Wednesday, May 21, 2025

Sola Fide

 “Free Grace” is the designation given to those who believe that justification is by faith alone apart from works. I want to say that it is an attempt to maintain a consistent “sola fide” view about what one must do to be saved. “Sola fide” is Latin for “faith alone,” and it is understood as one of the main tenets of the Protestant Reformation.


Free Grace” seeks to maintain Sola Fide, but with the understanding that “works” cannot be frontloaded or backloaded to that faith from which salvation results. That is, faith alone does not require good works before or after such faith that results in one being saved.


Some will seek to add turning from sins as “repentance” to such faith, or they will require some degree of moral reformation before and after such faith for salvation to be acquired. Some require a certain degree of good works, or one's faith is not legitimate or has failed and such a one has “dead” faith (James 2), and such faith cannot “save them.”


I was recently reading a book titled: “Getting the Reformation Wrong,” by James Payton, and he sets forth that the Reformers, like Luther, did not believe the faith by which we are saved is alone. The author writes that the Reformers believed that “justification is by faith alone, but faith is never alone.” The author is saying that those who hold to the view that faith alone does not require attendant works or turning from sins is not teaching the “sola fide” that the Reformers believed. And that may be very well true. The author will make reference to “easy believism,” “cheap grace,” say “the sinner's prayer,” and “walk the aisle”/ “coming to the altar” as inaccurate views of sola fide. Yet Free Grace folks often do not hold to those decisional methods of salvation. Those who do practice these methods are probably not even Free Grace folks.
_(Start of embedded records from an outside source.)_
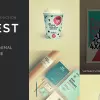 Modest - Minimal portfolio theme for creatives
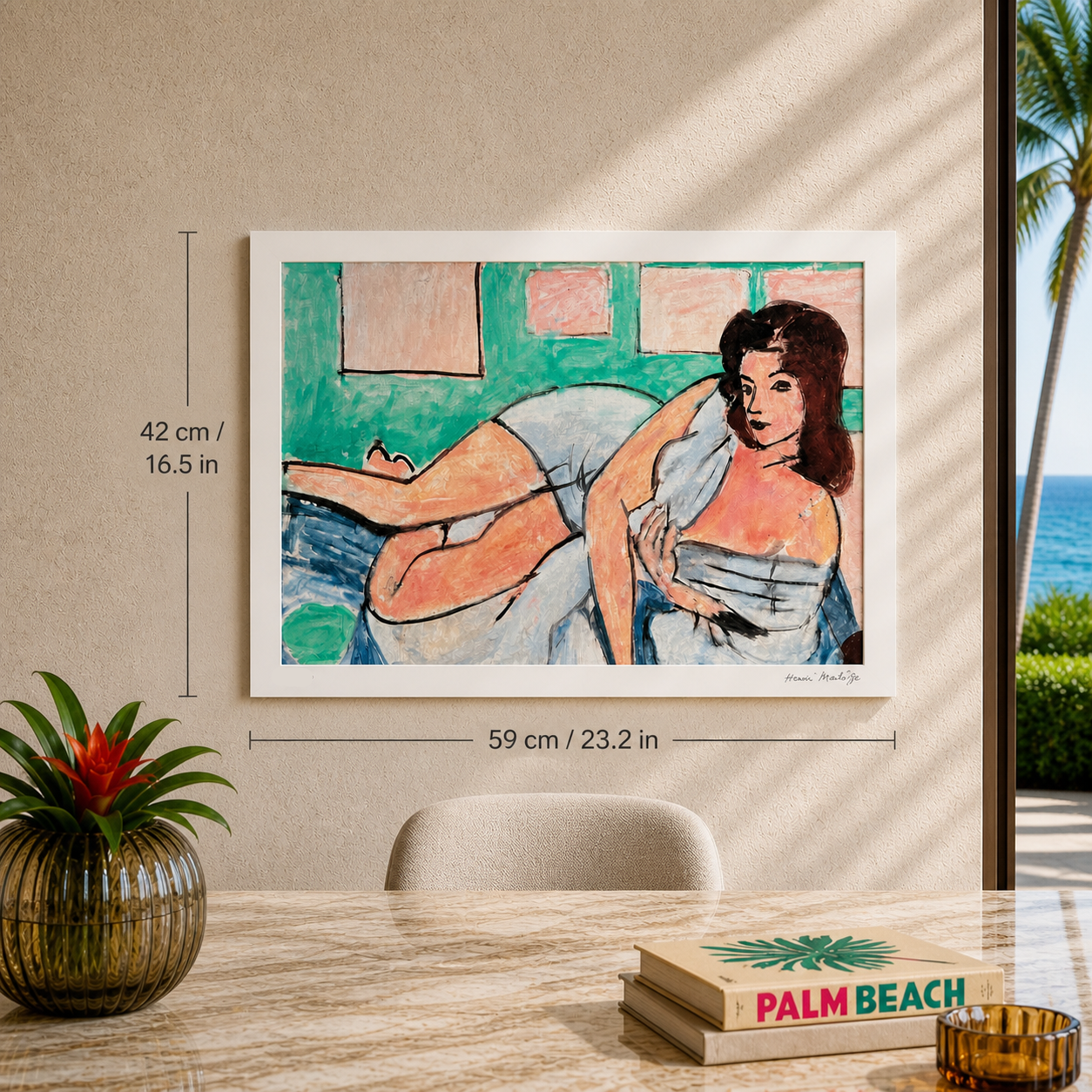 Henri Matisse Nu en peignoir Lithographie sur Arches 300gsm 42x59 cm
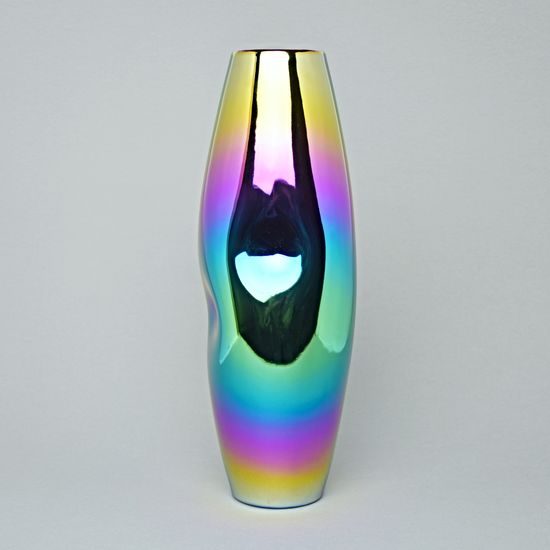 Váza Titan Colours 34 cm, barevná, porcelán Goldfinger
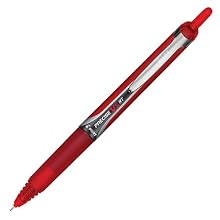 Pilot Precise V5 RT Retractable Rolling Ball Pens, Extra Fine Point, Red Ink, Dozen Box (26064)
Free Grace seeks to hold to a consistent view of sola fide. They believe salvation is by grace through faith in Christ alone. Turning from sin (whether that is repentance or not) is not required for salvation, though it may precede it and follow it. If a believer fails to do good works after salvation, their salvation does not require it or guarantee it, but probably most believers will have some good works. The book of James is addressing believers in chapter 2 where it talks about faith being dead, and it is in reference to works, but the example is about seeing a need and not fulfilling it. All believers fail at times to act consistently in their faith. One can know to do good and fail to do it. In that case, their faith is lacking vitality; it is unfulfilled. The issue in James is not whether one is really saved or not, or whether one was once alive but is now spiritually dead. What if a believer fails? Is he not saved then? Does “true” salvation automatically produce good works, or does he lose his salvation?


The Reformers may not have been consistent with their claim to “sola fide” for justification. Most Christians are probably not.